This web site section addresses the energy realm between objects larger than quarks and objects smaller than galaxies.

During the 19th century energy was defined as "capacity to do work". However, that definition of energy is too narrow. Energy is one of the fundamental building blocks of the universe. Everything that exists has some amount of energy.

Energy exists in two forms, particles and radiation.

A particle is a stable packet of energy which in the frame of reference of an inertial observer: has a non-zero energy at rest, at a particular instant in time has nominal position and velocity vectors and the velocity less than the speed of light. A free particle has a quantized net charge.

A particle exists when a quantized net charge forms an electric current which locally circulates around a complex closed path at the speed of light. A particle generally contains a trapped locally circulating radiation energy quantum known as a photon. Interaction of a particle with its corresponding anti-particle often results in release of the photons. Similarly, photons with sufficient energy can form particle-antiparticle pairs.

A particle has an energy density near its nominal position which decreases rapidly with increasing distance from that nominal position. The region of decreasing energy density surrounding a particle's nominal position is known as its field.
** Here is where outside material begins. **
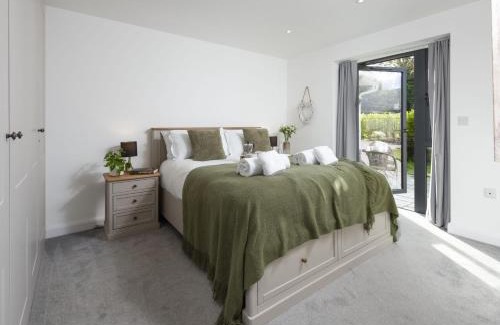 Camborne House | Whitewood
A free particle's total energy integrated over all space is constant and finite.

A particle can move relative to other particles and can interact with other particles via field overlap but the total system energy integrated over all space remains constant. At every point in space the field components of separate particles add vectorially. At every point in space the local energy density (energy per unit volume) has mathematically orthogonal electric, magnetic and gravitational vector field components and a particle motion component.

Particles interactions convert part of the field energy into kinetic energy (motion energy). In certain circumstances that kinetic energy can become radiant energy which after emission leaves the particles mutually bound in a potential energy well. Hence the total system energy, including emitted radiation, is the sum of the individual isolated particle energies.

Radiation consists of energy carrying wave-like field disturbances which propagate at the speed of light and which, if not guided or confined, eventually spread through the entire universe.

Power is a rate of flow of energy through a surface. Examples are electric power, thermal power, mechanical power, radiant power and rest mass flow. When no particles pass through the surface the rest mass flow is zero. However, there can still be a radiant energy power flow through the surface.

A spheromak is a local non-propagating solution to well known electromagnetic field equations. Spheromaks enable the existence of isolated quantum charged particles such as electrons and protons. Spheromaks also account for the interactive behavior between atomic electrons and nuclei. Inter-spheromak interactions account for most nuclear particle behaviour. A spheromak concentrates and stores the energy associated with its charge quanta.

A quantum charged spheromak is a stable toroidal shaped structure consisting of a circulating charge quantum, static electromagnetic fields and a confined radiation energy packet known as a confined photon. A spheromak's external static electric and magnetic fields can extend to infinity but contain only finite amounts of energy. These extended static fields contain only a small fraction of a particle's rest mass energy.

Most of a spheromak's rest mass energy is contained in a photon confined by the spheromak's toroidal walls. A spheromak may also have kinetic energy related to its motion relative to other spheromaks and/or the observer.

Spheromaks interact with one another at a distance via overlap of their external fields. Interacting spheromaks convert field potential energy into kinetic energy or vice versa. During such interactions spheromaks can emit or absorb photons which are quanta of electromagnetic radiant energy which have zero net charge.

At low particle kinetic energies interaction between the spheromaks' extended fields prevents the particles coming close enough to each other for the confined photons to participate in the interparticle interactions. However, at high particle kinetic energies the confined photons can cause spheromak restructure in what we term nuclear reactions.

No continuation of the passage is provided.